In U.N. Security Council Resolution 1441, the United Nations has now affirmed that Saddam Hussein must disarm or face the most serious consequences. Let me make it clear that the burden is resoundingly on Saddam Hussein to live up to the ceasefire agreement he signed and make clear to the world how he disposed of weapons he previously admitted to possessing. But the burden is also clearly on the Bush Administration to do the hard work of building a broad coalition at the U.N. and the necessary work of educating America about the rationale for war. As I have said frequently and repeat here today, the United States should never go to war because it wants to, the United States should go to war because we have to. And we don't have to until we have exhausted the remedies available, built legitimacy and earned the consent of the American people, absent, of course, an imminent threat
http://www.truthout.com/docs_02/012503A.kerry.no.rush.htmThis speech does not differ from Kerry's floors speech in the Senate before voting on the use of force authorization, his op ed articles in Septemener 2002, and January 2003. And it is the same as the sapeech he just gave before the National Guard.

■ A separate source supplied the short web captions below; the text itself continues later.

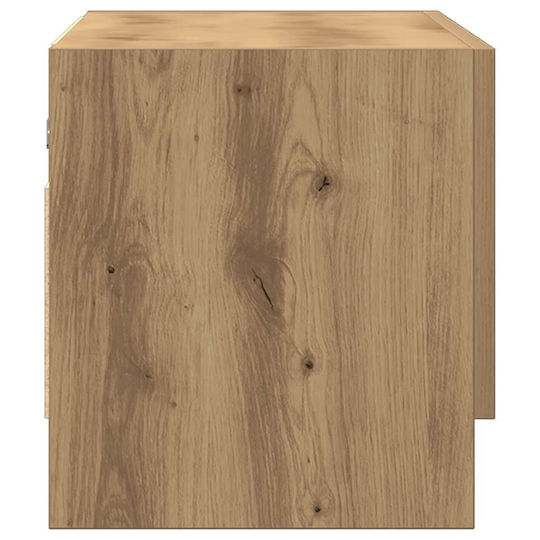 vidaXL Ντουλάπι Μπάνιου 70x32.5x35cm Δρυς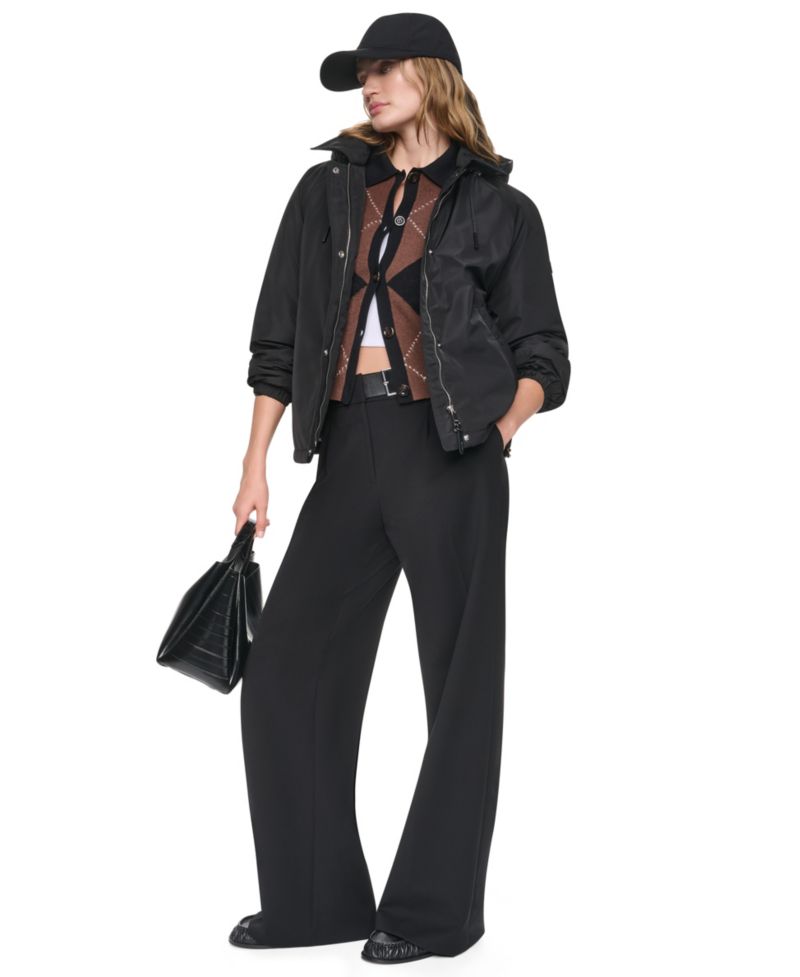 Women's Hooded Bubble Hem Rain jacket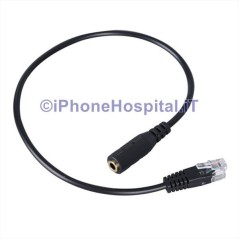 Cavo da 3,5 mm Jack a RJ9 PC /cavo adattatore telefonico Cuffie ufficio,38 cm - 3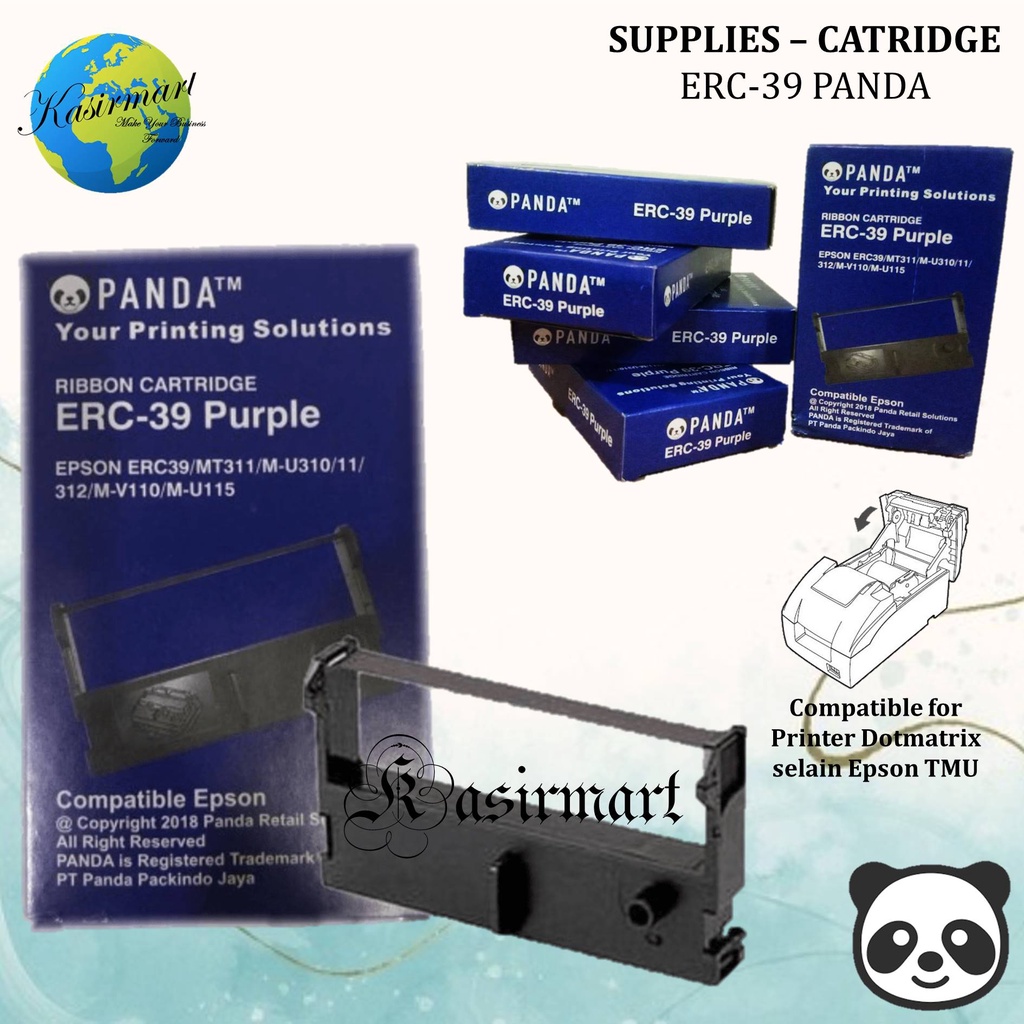 PANDA ERC-39 RIBBON CARTRIDGE PITA PRINTER KASIR DOTMATRIX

Kerry clearly saw that Al Qaeda was our biggest threat, and his plans made AL Qaeda and Osama first priority. Then and only then Saddam, and to go after Saddam after getting as much international support as possible.
I do not know why the Kerry campaign does not give a list of Kerrys speeches on Iraq and terrorism in chronological order, and show the consistancy of Kerry's ideas about Iraq, in order to get rid ot the accusations that he has flip-flopped on Iraq and Terrorism, as well as the accusations that he had and has no plan. It is cleart from the record, that Kerry has had a consistant plan, which if it had been followed would have us considerably safer from terrorism than the Bush adminstration has made us, as under Kerry's plan, the odds that Osama and his lieutenants being in custody at this point would be far greater. Osama is still fre to pursue other sources of WMD's to attack the U.S. with. Not only will he not get them from Saddam, he would not have been able to given the curret reports.
It would have been wiser and safer to pursue those who were seeking out the WMD's and who would have used them.They can still seek them and use them.
As Kerry indicated, Saddam could have waited. Osama should not have.